• **Information given**
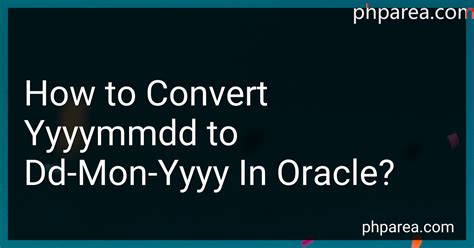 how to convert YYYYMMDD to DD-Mon-YYYY in oracle?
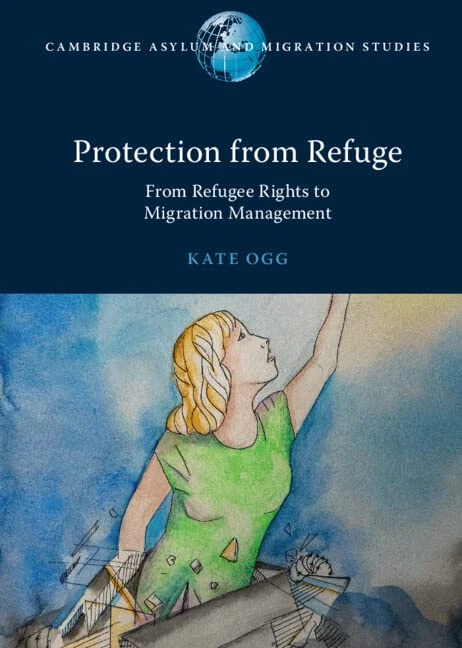 Protection from Refuge: From Refugee Rights to Migration Management (Cambridge Asylum and Migration Studies)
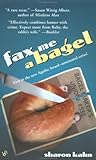 Fax Me a Bagel by Sharon Kahn Fax Me a Bagel by Sharon Kahn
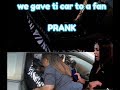 WE GAVE YOUR CAR TO A FAN PRANK ON TI FROM THE TAYLORGIRLZ (A MUST SEE)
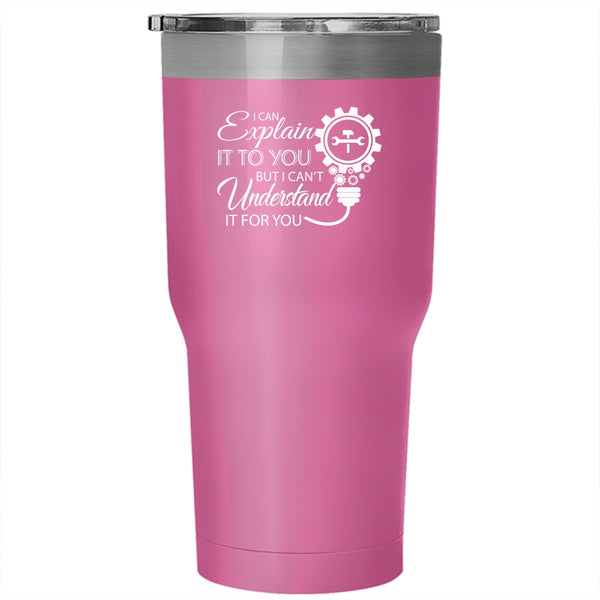 I Can Explain It To You Tumbler, Electrician Cup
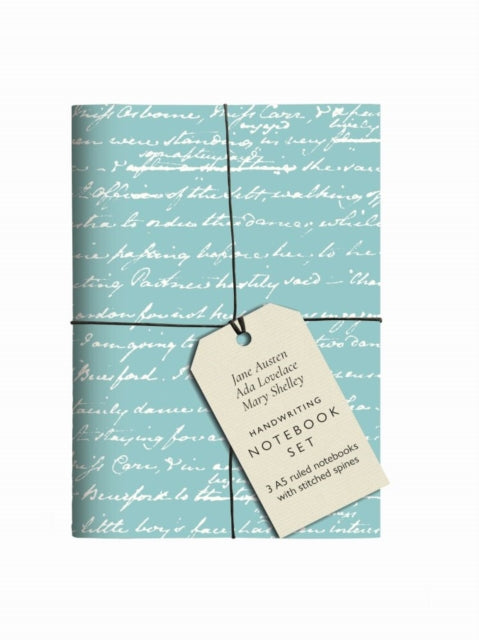 Jane Austen, Ada Lovelace, Mary Shelley Handwriting Notebook Set, 3 A5 ruled notebooks with stitched spines 9781851245758 Bodleian Bodleian Library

• **What you should do**
Starting at the line that holds "WE GAVE YOUR" and stopping at the last line of the listing above, write out each line exactly as it appears, and omit the pictures.

• **Exercise output**
 WE GAVE YOUR CAR TO A FAN PRANK ON TI FROM THE TAYLORGIRLZ (A MUST SEE)
 I Can Explain It To You Tumbler, Electrician Cup
 Jane Austen, Ada Lovelace, Mary Shelley Handwriting Notebook Set, 3 A5 ruled notebooks with stitched spines 9781851245758 Bodleian Bodleian Library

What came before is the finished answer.